I see that there have been a few threads in the past about the Church Fathers' theological relationship to Reformed Christianity. However, none quite answered the question I have.

There's a fellow who attends our church who is an avowed Classical Arminian. I have pressed him softly on his views on God's sovereignty and human free will and it is clear to me that he has a very weak view of God. I don't find it very profitable to engage with him in conversation because we come from very different starting points, and he seems very stubborn.

Something he did counter with once, though, was that none of the Church Fathers or early Christian writers held to a view of predestination that was later articulated by St. Augustine. In fact, he says that it is only after St. Augustine's encounters with Pelagianism that his views became more clearly defined. So, in other words, the Augustinian (and Calvinistic) understanding of salvation is a novelty of the later half of Augustine's writings.

I know next to nothing about the Church Fathers or about historical theology. I understand that it has taken a long time for some theological points to be clearly defined, and that we hold the Reformation to be a recovery of true doctrine. However, I hope you can help me understand whether there is any truth to this statement: _None of the early Christians prior to Augustine articulated a belief in predestination like that which was later characteristic of Reformed theology._

(I apologize if my language is unclear. I'm a bit over my head when it comes to these things. I also apologize that I have no sources to name. This is only something that came up in conversation a while ago, so it could well have little foundation.)


----------



## Moses Costigan (May 4, 2016)

There is a legacy course from Reformed Theology Seminary taught by Derek Thomas which is an introduction to reformed theology which is excellent...... I've listened through several times over the last 3 to 4 years (it's audio lecture material) but i don't have it currently but i will find the link and post it. 
I remember references to the doctrines of election and predestination in the teaching of the Early Church Fathers which was broader than Augustine's teaching on election.


----------



## Moses Costigan (May 4, 2016)

Tom, this is the course i mentioned above.

https://itunesu.itunes.apple.com/feed/id378878956


----------



## KeithW (May 4, 2016)

Appeals to church fathers need to be understood in context. As far as I know they did not write systematic theologies. We cannot simply go to a chapter called "election" in any given early church father's books. A lot of writings against errant doctrines came about when men wanted to preserve true Christian doctrine against false doctrine being taught and spread. A doctrine like the Trinity or election were understood by the early church as givens. It was only when men taught differently that systematic arguments were developed against false beliefs. So Augustine was simply writing down in a systematic form what the entire Christian church already believed on man's total inability toward God, election, etc. And when the Council Of Carthage in 418AD met and condemned Pelagianism, the council represented all Christian churches of that day. They were not inventing something new which no one before them believed.

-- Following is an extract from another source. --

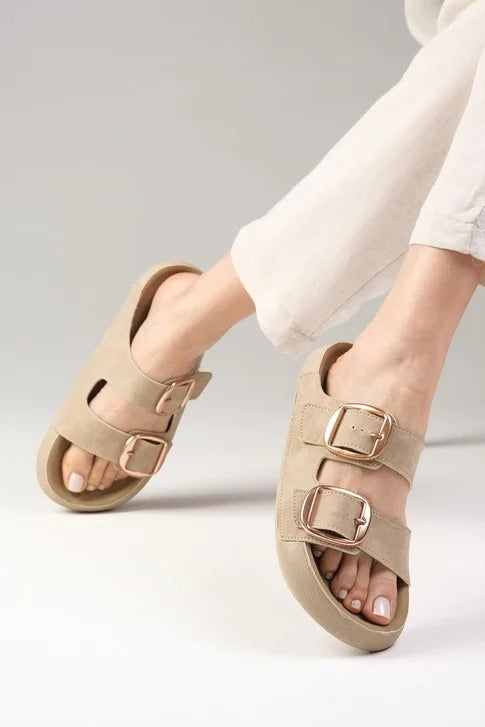 سليبر باللون البيج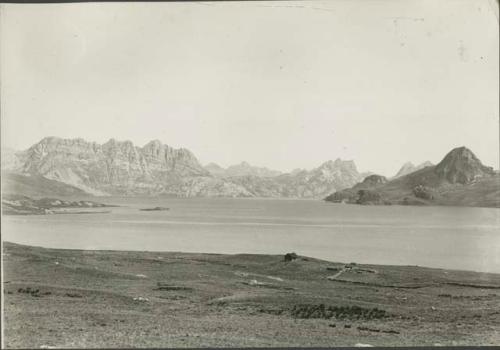 View of Lake Punrun with mountains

From a reformed perspective, if you look at any council which dealt with "free will" movements, Pelagianism or Semi-Pelagianism or Aminianism, the councils always re-established man's total inability towards God first. Then the other associated doctrines like election are explained from that context.

A good book is "Augustine & The Pelagian Controversy" by B.B. Warfield. It is available as a free ebook at monergism.com.


----------



## rickclayfan (May 4, 2016)

I don't think it would be of tremendous importance to look at the views of the Church Fathers in regard to this issue. The views that people hold in regard to certain doctrines only become important to know after there has been much discussion and debate about them. 

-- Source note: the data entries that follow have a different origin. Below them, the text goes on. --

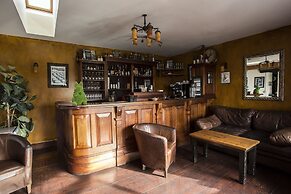 Maddens Bridge Bar & Guesthouse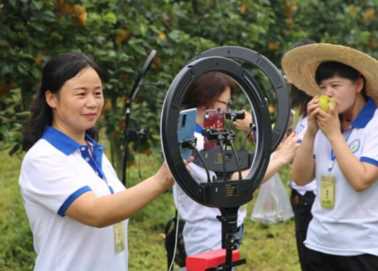 穷人没本钱怎么创业（欠债30万靠9000元翻身）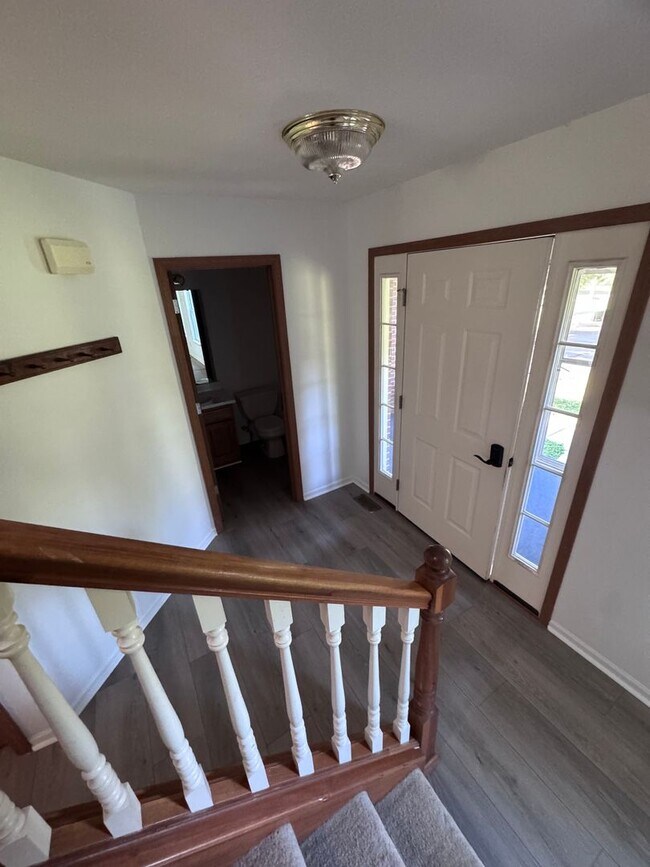Building Photo - 5 Bd 2.5 Ba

Take justification, for instance. It was not thoroughly discussed until the sixteenth century. Any references to justification before that time would be interesting to know, but those who made such remarks would probably have had a confused or partially defective view of it. Augustine, for instance, was confused in regard to the matter. He emphasized grace and faith, but held to infusion. He had distinctive Protestant elements and Roman Catholic elements as well.

In the same way, the pre-fourth century Fathers may have held to predestination, but with each subsequent generation after the apostolic church, the understanding of it became more vague and confused and was eventually swallowed up by free-willism.


----------



## arapahoepark (May 4, 2016)

Also check out Faber's Primitive Doctrine of Election.


----------